Kamboçya-Tayland Gerginliği Çatışmaya Dönüştü

Paylaş

Tayland ile Kamboçya arasında Preah Vihear tapınağı üzerinden başlayan sınır savaşının temelinde geçmiş tarih, sömürgecilerin oturduğu yerden çizdiği sınır ve iç siyasetteki çıkar ilişkileri yatmaktadır. Geçmişin emperyalist güçlerinin ektiği fitne tohumları sadece bölgemizde değil Güneydoğu Asya, Afrika ve Latin Amerika gibi bölgelerde de önümüze çıkıyor.
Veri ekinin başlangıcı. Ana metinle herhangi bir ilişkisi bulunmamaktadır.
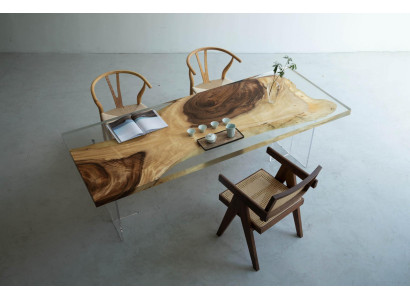 Tavolo da pranzo in resina epossidica River Table Massiv 200x90 Tavolo fluviale nuovo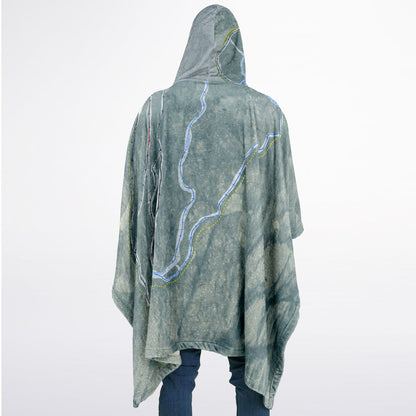 Big Moose Mountain, Maine Ski Resort Map Flannel Blanket Poncho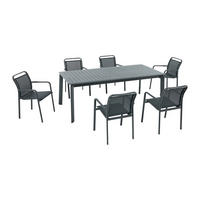 GARTENESSGRUPPE im Set - 6 -Sitzer - Aluminium - anthrazitgrau - VELYRA - Anthrazit, Metall - Vente-Unique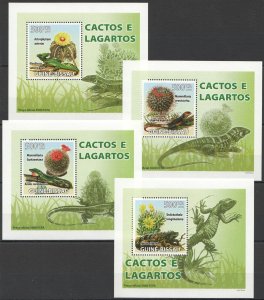 B1369 2008 Guinea-Bissau Reptiles Cactus & Lizards 4 Lux Bl Mnh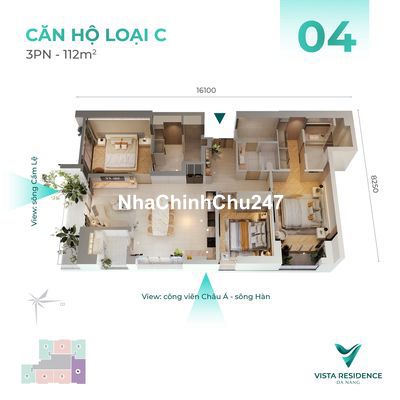 🔥 CĂN 3PN + 3WC CUỐI CÙNG – VIEW ĐẸP – VISTA RESIDENCE ĐÀ NẴNG 🔥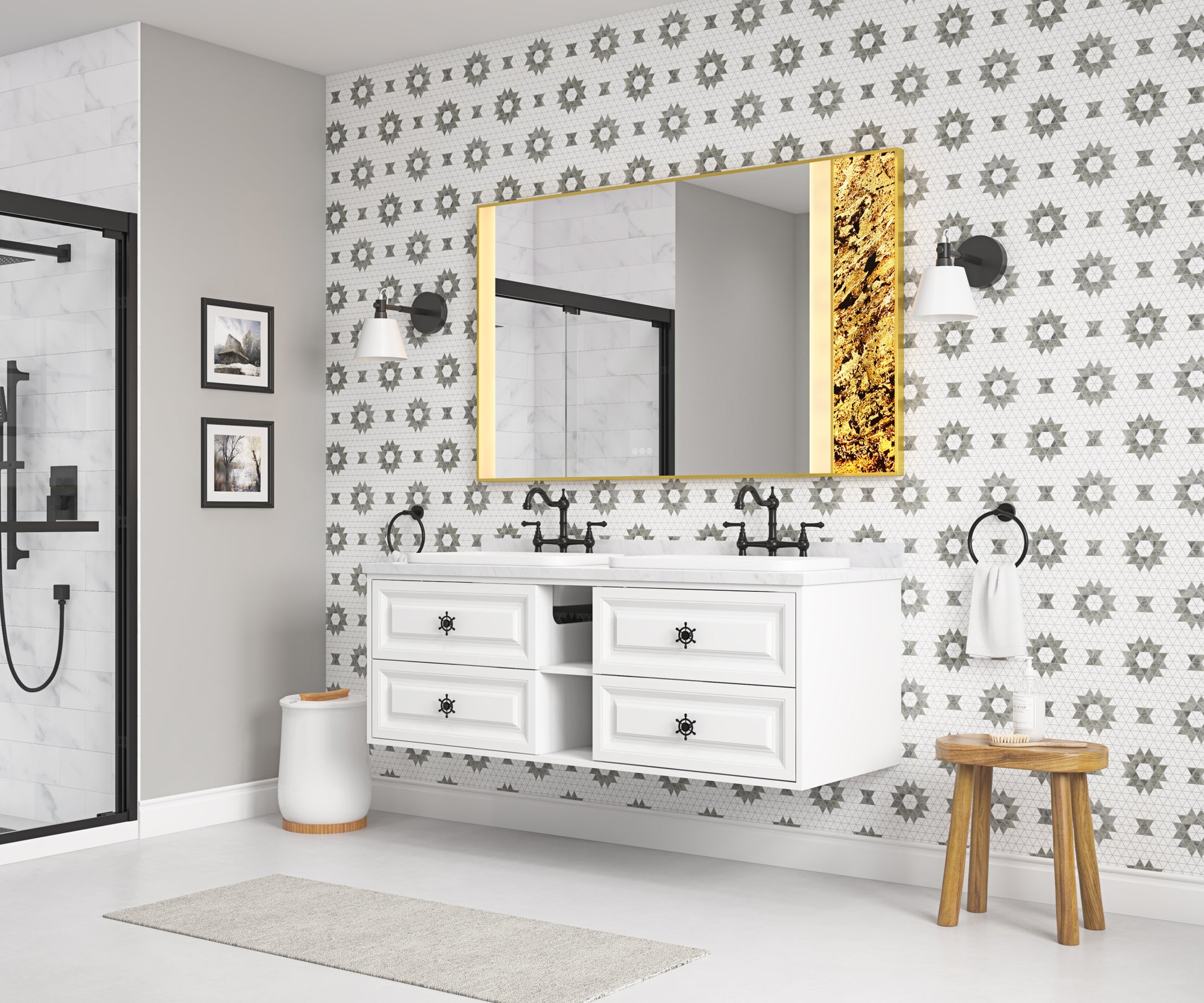 60*23*21in Wall Hung Doulble Sink Bath Vanity Cabinet white-abs+steel(q235)+wood+pvc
Sömürgeciler insanlığa kan, zulüm, göz yaşı ve katliamdan başka bir şey sunmamıştır. İki ülke arasındaki düşmanlık, Fransa’nın 19. yüzyılda Kamboçya’yı işgalinden sonra iki ülkenin sınırlarının çizildiği döneme dayanıyor.

Coğrafyamızdan uzak Tayland ve Kamboçya iki sınır komşusu tarihi husumetlerini fiili çatışmaya dönüştürdü. 24 Temmuz’da Tayland’ın Surin eyaleti ile Kamboçya’nın Oddar Meanchey eyaleti arasındaki sınırda sabah saatlerinde silah sesleri yükseldi. Tayland, bir dronun ardından Kamboçyalı askerlerin sınır hattına yaklaştığını ve roket saldırısı düzenlediğini iddia ediyor. Kamboçya ise ilk saldırıyı Tayland’ın başlattığını ileri sürüyor.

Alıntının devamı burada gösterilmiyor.